Take a Northern Lights tour

While I did not personally do one, you might increase your chances of seeing the aurora when going on a tour with an experienced guide that knows certain hot spot in the area.  

There are many options in different areas in Iceland, make sure to check and compare before booking one. Of course it is also not guaranteed to see Northern Lights on these tours.

Face to the North

Northern Lights appear in the North – surprise, surprise.

And especially on nights with low activity, you have much better cards to see them, if you are facing North.

Last but not least: Be prepared for cold weather. Usually nights with lower temperatures are better for Northern Lights.

It can get reallyyyy cold and windy, so put on many layers of clothes. However, once you see the aurora dancing above your head, you will forget about the temperatures – I promise!

bucketlist experiences in Iceland: chasing the Northern Lights
Northern Lights in Iceland, Skogafoos

3. Camera setup and settings to capture the aurora

Now that we have increased your chances to see the Northern Lights to the maximum, let´s talk camera settings to make sure you take some amazing pictures & videos home from this trip!

While newer Smartphones take quite OK pictures, even in low light, the quality difference compared to a semi-professional or professional camera is pretty significant.

If you are not into photography, your phone will do just fine. If you have a manual mode on your phone, you can also apply the settings below to your phone!

There are also some apps for Iphones for Manual photography, so you are able to adjust your settings manually.

Let´s go through the steps of your setup and settings:

Use a tripod!

Otherwise photos with long exposure will be shaky and blurry, especially on cameras. On phones the result will be slightly better without tripod, as the in-built stabilisation is much better. 

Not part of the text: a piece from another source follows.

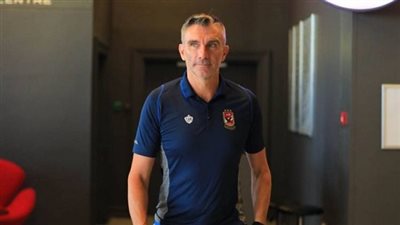 كارتيرون يعقد مؤتمرا صحفيا غدا للحديث عن مباراة وفاق سطيف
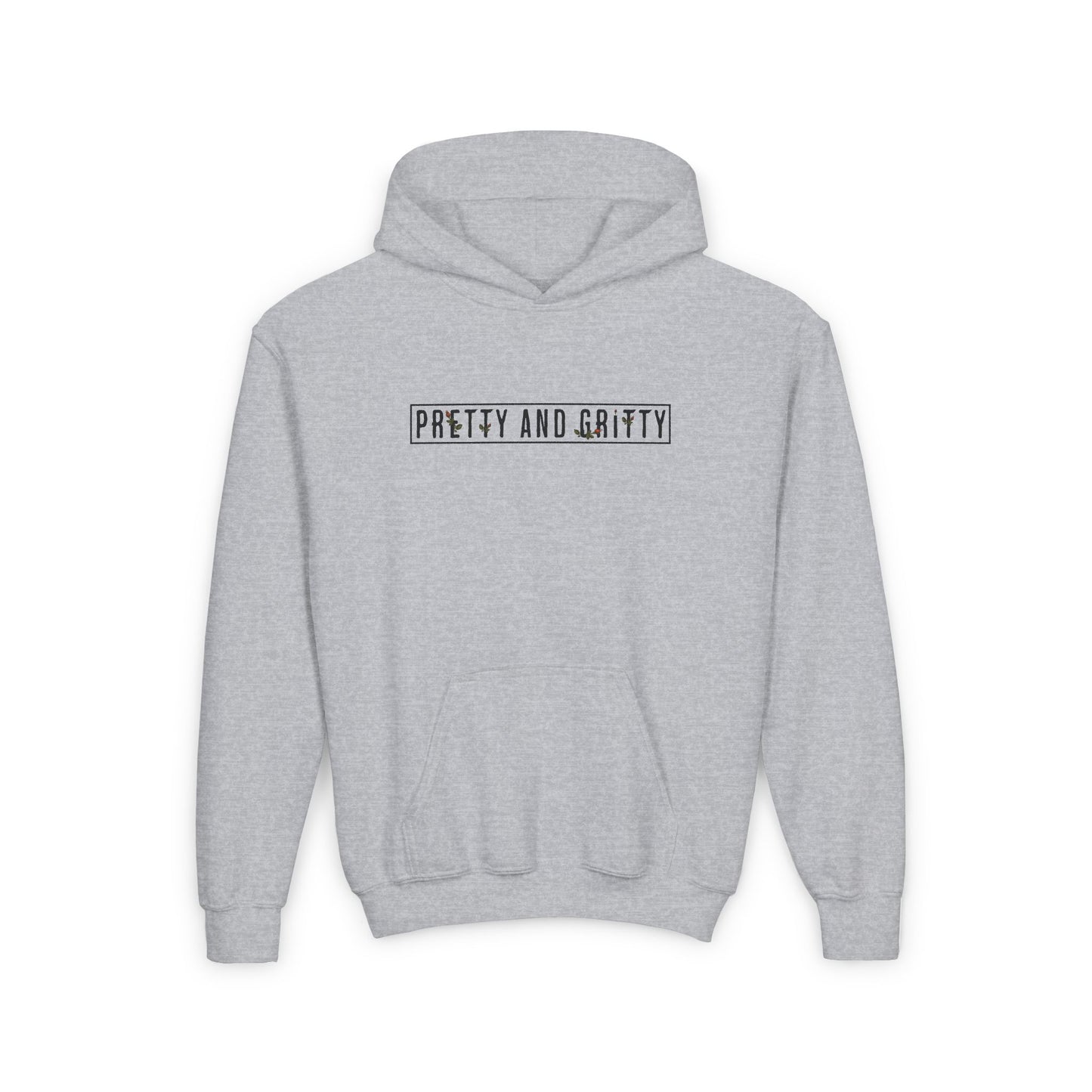 Youth Pretty & Gritty Sweatshirt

Shutter speed/ exposure settings

8-20 seconds, depending on how strong the Northern Lights are. If the lights are very strong and bright, you can try a faster shutter speed. 

Aperature settings

The lowest possible setting. 1.4 or whatever is the lowest on your camera. (my lowest is 1.8)

ISO settings

Start with 800 and adjust up or down as necessary, depending how strong the aurora is. The higher your ISO is, the grainer the picture will be.

Focus settings

Set to infinity

ISO and shutter speed settings depend on the the brightness of the aurora and also on the movement. If you have very strong and fast moving aurora, you can use a faster shutter speed and lower ISO. 

Try them out and increase or decrease them as needed.

Defeinitely a bonus, if you know about the effects of decreasing or increasing each of this settings in advance.

Video/ timelapse settings

In order to take a proper video, you either need the Northern Lights to be VERY STRONG and have a solid camera or do a timelapse instead.

A timelapse will take a set amount of pictures in your preferred settings and convert all the pictures into one video. The results are amazing and turned out SO much better than all videos I took of the Northern Lights.

Settings can vary, but here is an example to try out and adjust as needed:

400 pictures in total, 1 picture taken every 3 seconds will result in a 10 second long video and it will take a total of 20 minutes to capture the timelapse. Of course, a tripod for this is absolutely mandatory!

I am excited for you to hopefully see the Northern lights soon! At least you now have a great base of knowledge about the Northern Lights, how to increase your chances of seeing them and how to capture those magic moments!

camera settings to capture Northern Lights
Northern Lights photoshoot

Fingers crossed for a Northern Lights sighting during your trip to Iceland in winter!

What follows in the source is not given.